Reddit Analyzer is a tool that crawls Reddit data, performs sentiment analysis, and visualizes the sentiment scores on a web-based chart. It uses the PRAW library for crawling Reddit, the NLTK library for sentiment analysis using VADER (Valence Aware Dictionary and sEntiment Reasoner), Spark for data aggregation and Flask for the web server.

Demo

Check out the live demo of Reddit Analyzer: Demo Link

System Diagram

(1) The data fetching component retrieves new posts from a specified subreddit using the Reddit PRAW library.

(2) The component updates post scores and calculates sentiment values for each post.

(3) The updated data is stored within the MongoDB database.

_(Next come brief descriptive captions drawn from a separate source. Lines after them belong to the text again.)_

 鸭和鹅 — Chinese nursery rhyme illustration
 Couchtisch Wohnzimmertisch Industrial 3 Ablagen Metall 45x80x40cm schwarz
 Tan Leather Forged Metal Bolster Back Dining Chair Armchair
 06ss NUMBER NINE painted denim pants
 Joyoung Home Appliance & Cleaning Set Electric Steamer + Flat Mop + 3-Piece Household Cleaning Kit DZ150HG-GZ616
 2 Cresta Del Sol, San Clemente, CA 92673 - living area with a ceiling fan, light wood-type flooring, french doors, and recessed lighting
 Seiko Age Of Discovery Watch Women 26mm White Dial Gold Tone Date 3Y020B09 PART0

(4) The analysis component utilizes the Apache Spark framework to analyze the fetched post data. It establishes a connection to the MongoDB database and retrieves the posts. The component performs sentiment analysis by grouping the submissions based on time (e.g., hourly) and subreddit. It calculates the sum of sentiment scores for each group and writes the analyzed results back to the MongoDB database.

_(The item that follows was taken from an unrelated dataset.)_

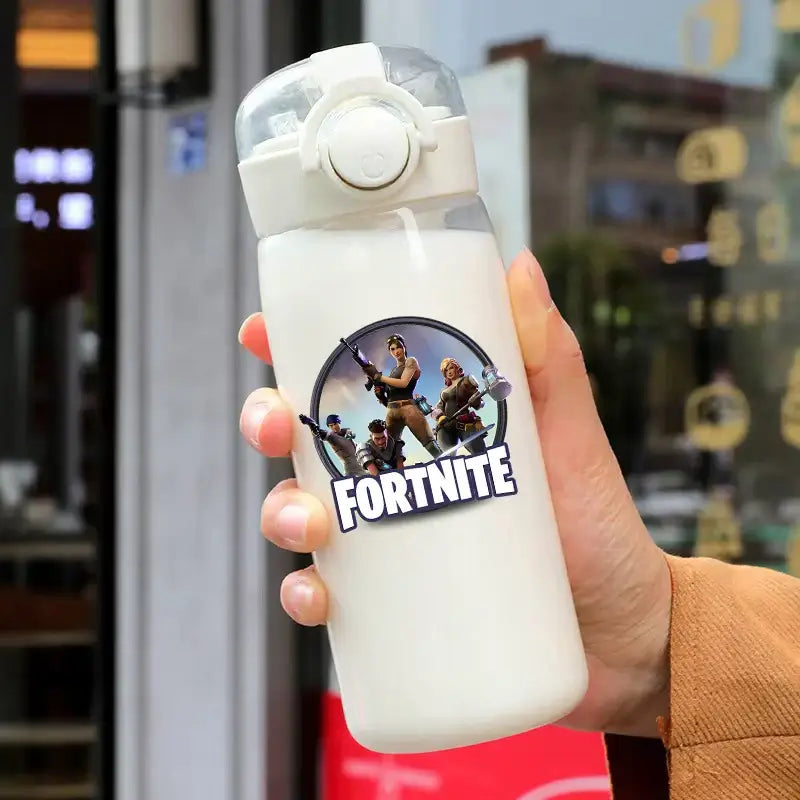 400ML Fortnites 18CM Strohhalmbecher für Erwachsene, Jungen und Mädchen, niedlicher Wasserbecher im Cartoon-Stil für Schüler, stoßfeste tragbare Trinkflasche als Geschenk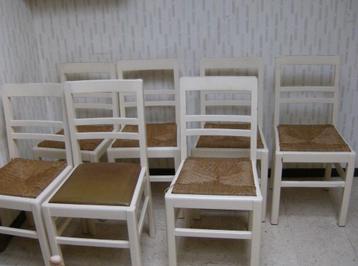 8 x massieve beuken keukenstoelen met biezen zitting beschikbaar voor biedingen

(5) The web server component is implemented using the Flask framework. It provides routes for different endpoints, such as displaying charts and submission details. The routes interact with the MongoDB database to retrieve the necessary data and pass it to the corresponding HTML templates for rendering.

Slide in Vietnamese

Usage

To use Reddit Analyzer, you'll need to follow these steps:

Configure the Reddit API credentials in the resources/praw-credential.json file. Make sure to provide your Reddit username, password, client ID, and client secret. You can obtain the client ID and client secret by creating a Reddit application on the Reddit website. Example:

{
  "client_id": "xxxxxx",
  "client_secret": "xxxxxx",
  "user_agent": "python/praw:CryptoTrending:v1.0 (by /u/huuhoangcu)"
}

Configure the MongoDB credentials in the resources/mongo-credential.json file. Example:

{
  "host": "localhost",
  "port": "27017",
  "username": "root",
  "password": "dbpw11",
  "database": "reddit_analyzer"
}

Start the airflow in docker-compose to start DAG to crawl Reddit submissions. It also perform sentiment analysis on the crawled data. Sentiment analysis will be applied to the crawled submissions, and the results will be stored in the MongoDB database. Another DAG to do spark analysis on submissions data.

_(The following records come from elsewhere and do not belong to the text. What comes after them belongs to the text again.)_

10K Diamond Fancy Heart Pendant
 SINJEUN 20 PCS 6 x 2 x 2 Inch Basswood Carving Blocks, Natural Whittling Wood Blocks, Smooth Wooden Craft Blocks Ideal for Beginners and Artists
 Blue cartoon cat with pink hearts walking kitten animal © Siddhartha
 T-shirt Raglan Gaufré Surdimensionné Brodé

python src/submissions_main.py

Or build docker image for crawler and run

# build airflow image
scripts/docker/airflow/build.sh
# to start airflow resources/mongo-docker-compose-credential.json should exist
scripts/docker/airflow/docker-compose_start.sh
# to stop
scripts/docker/airflow/docker-compose_stop.sh
# then go to localhost:8080 to start DAG

Start the Flask server to visualize the sentiment scores:

scripts/docker/server/run_local.sh

Or build docker image for server and run

# resources/mongo-docker-credential.json should exist
scripts/docker/server/build_image.sh
scripts/docker/server/run_image.sh

The Flask server will serve a web page at http://localhost:8077/ where you can see a chart visualizing the sentiment scores by subreddit.

Initiate collection index with

scripts/mongo/setup_index.sh

(Optional) To have a Slack notification for crawl monitor, we can create a file resources/slack-credential.json with content:

{
    "hook_url": "https://hooks.slack.com/services/XXXXXX/xxxx/xxxxxx"
}

Dependencies

PRAW: Python Reddit API Wrapper for crawling Reddit data.
MongoDB: NoSQL database for storing the crawled Reddit data and sentiment analysis results.
NLTK: Natural Language Toolkit for sentiment analysis using VADER (Valence Aware Dictionary and sEntiment Reasoner).
Spark: Distributed computing framework for data aggregation.
Flask: Web framework for serving the sentiment analysis results.

License

This project is licensed under the MIT License.